SENDAI Global Lounge

Meetup#4 Report: Startup Simulation Game Workshop

An interactive entrepreneurship workshop was held under the guidance of Prof. Ahn, offering participants a hands-on opportunity to experience the realities of building and managing a startup. Rather than relying on lectures alone, the session centered on BattMan, a startup simulation game designed to replicate real-world decision-making in a high-tech business environment.

Prof. Ahn’s Entrepreneurial Journey

The session opened with Prof. Ahn sharing his extensive background as a semiconductor engineer, startup founder, and venture capitalist. Drawing from over three decades of experience across Korea, Japan, Silicon Valley, and Europe, he reflected on both successes and challenges in innovation, leadership, and risk-taking.

Prof. Ahn explained that after retiring from industry, he was invited to give a lecture on entrepreneurship at his alma mater. While honored by the invitation, he soon realized that a traditional lecture alone would not make a meaningful impact on students. Entrepreneurship, he observed, cannot be fully understood through theory or one-way instruction. It requires firsthand experience like making decisions under uncertainty, facing consequences, and learning from failure.

This realization shaped his educational philosophy and motivated him to develop experiential learning tools that allow students to experience entrepreneurship rather than merely study it. By recreating real startup conditions in the classroom, Prof. Ahn sought to bridge the gap between theory and practice. 

 

BattMan: A Startup Simulation Game

The core activity of the workshop was BattMan, a startup simulation game focused on the Battery Management Systems (BMS) industry, an emerging and strategically important field linked to electric vehicles and clean technology. In the game, participants formed startup teams and collectively assumed the roles of company founders, acting as CEO, CTO, and other executive leaders.

 

Each team managed a virtual startup over multiple simulated months.

Their responsibilities included:

 

  • Developing and upgrading products across multiple generations
  • Hiring engineers and executive staff
  • Outsourcing manufacturing to overseas partners
  • Securing funding through equity investment or loans
  • Managing cash flow to avoid bankruptcy

 

The simulation emphasized that startup success is not determined by technology alone. Teams had to balance company valuation, ownership dilution, profitability, and timing, mirroring the strategic trade-offs faced by real entrepreneurs.

Decision-Making under Pressure

One of the most impactful lessons of the BattMan game was the importance of cash flow management. Participants quickly learned that even promising startups can fail if production costs, payment timing, and financing decisions are mismanaged. Delays between manufacturing expenses, sales, and revenue collection created realistic financial pressure throughout the game.

Prof. Ahn highlighted that many real world startups fail not because of poor ideas, but because of weak financial planning. This lesson became tangible as teams that failed to anticipate cash shortages faced bankruptcy within the simulation. The experience encouraged participants to communicate closely, analyze risks carefully, and think several steps ahead when making decisions.

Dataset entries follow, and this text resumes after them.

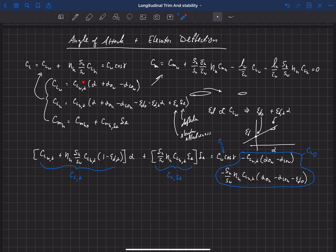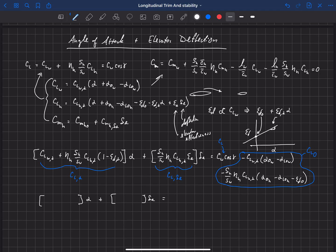We can do the same thing with the pitching moment equation — plug in those three equations and rearrange the same way. We get some term times alpha plus another term times delta-E. Because we had zero on the right-hand side, we call the remaining term minus CM-naught, which is the pitching moment when alpha and delta-E are zero. The coefficient on alpha is called CM-alpha — the change in pitching moment with respect to alpha for the entire aircraft — and CM-delta-E is the change in pitching moment with respect to delta-E on the entire aircraft.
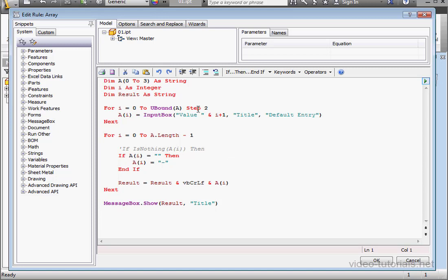Let's make some changes to the code we created in our previous tutorial. First of all, let's leave those parentheses following the declaration of our array empty.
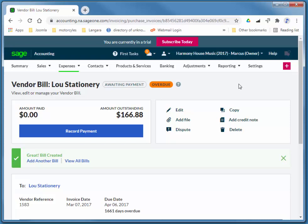So again, that is entering a non-inventory purchase where we added the vendor on the fly. Thanks so much for watching.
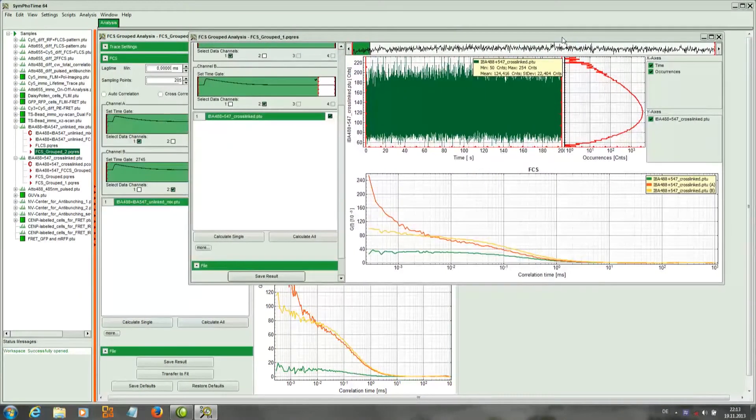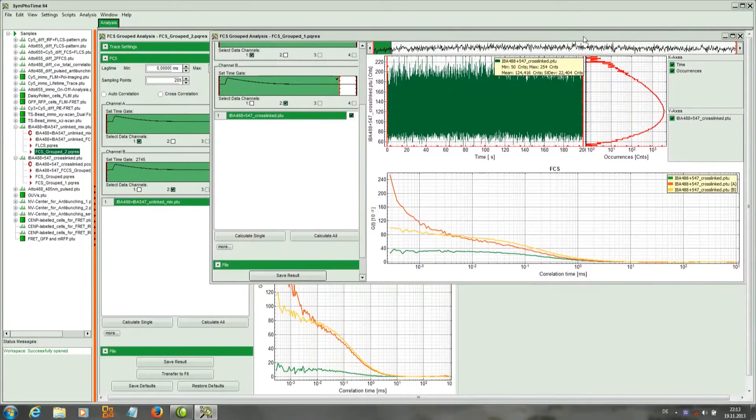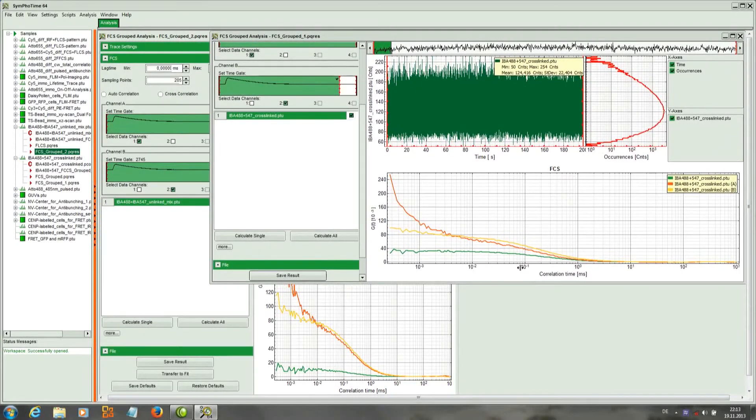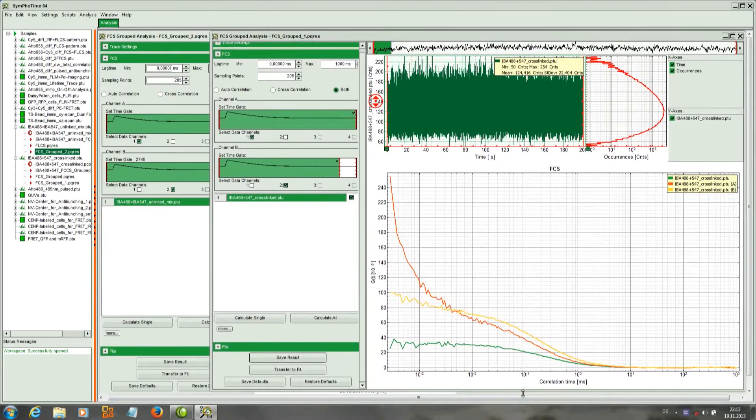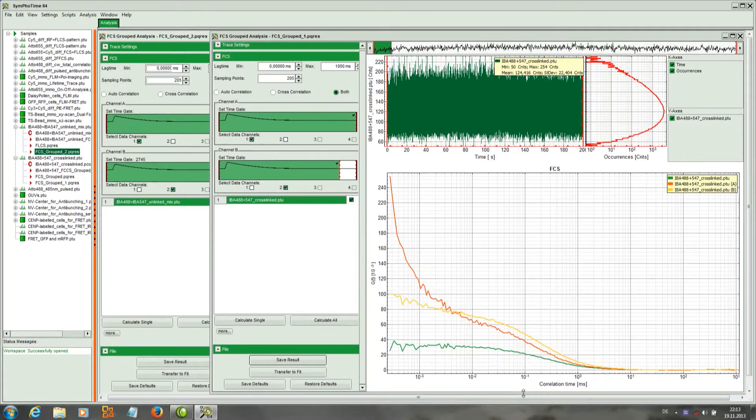On the left, I put the unlinked sample. On the right, I put the sample where the two dyes are on the same oligonucleotide and therefore moving in a coordinated fashion.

Educational Impact and Reflections

Through the BattMan simulation, participants gained a deeper understanding of entrepreneurship as a dynamic and uncertain process. They experienced firsthand the trade-offs between control and growth, speed and sustainability, and short-term survival versus long-term vision.

The workshop demonstrated the effectiveness of game-based learning in entrepreneurship education. By placing participants in realistic startup scenarios, Prof. Ahn’s approach transformed abstract concepts, such as valuation, investment, and risk, into lived experience.

 

This educational impact was also reflected in participant feedback. The results showed a high level of satisfaction, with all respondents rating the event as Good. Many participants also shared positive feedback on the interactive format and Prof. Ahn’s speech, and expressed interest in attending more hands-on workshops focused on business fundamentals, startup processes, and networking opportunities.

The event ultimately highlighted how experiential learning can foster critical thinking, teamwork, and practical insight, equipping participants with a more realistic understanding of what it takes to build and sustain a startup in today’s global and competitive environment.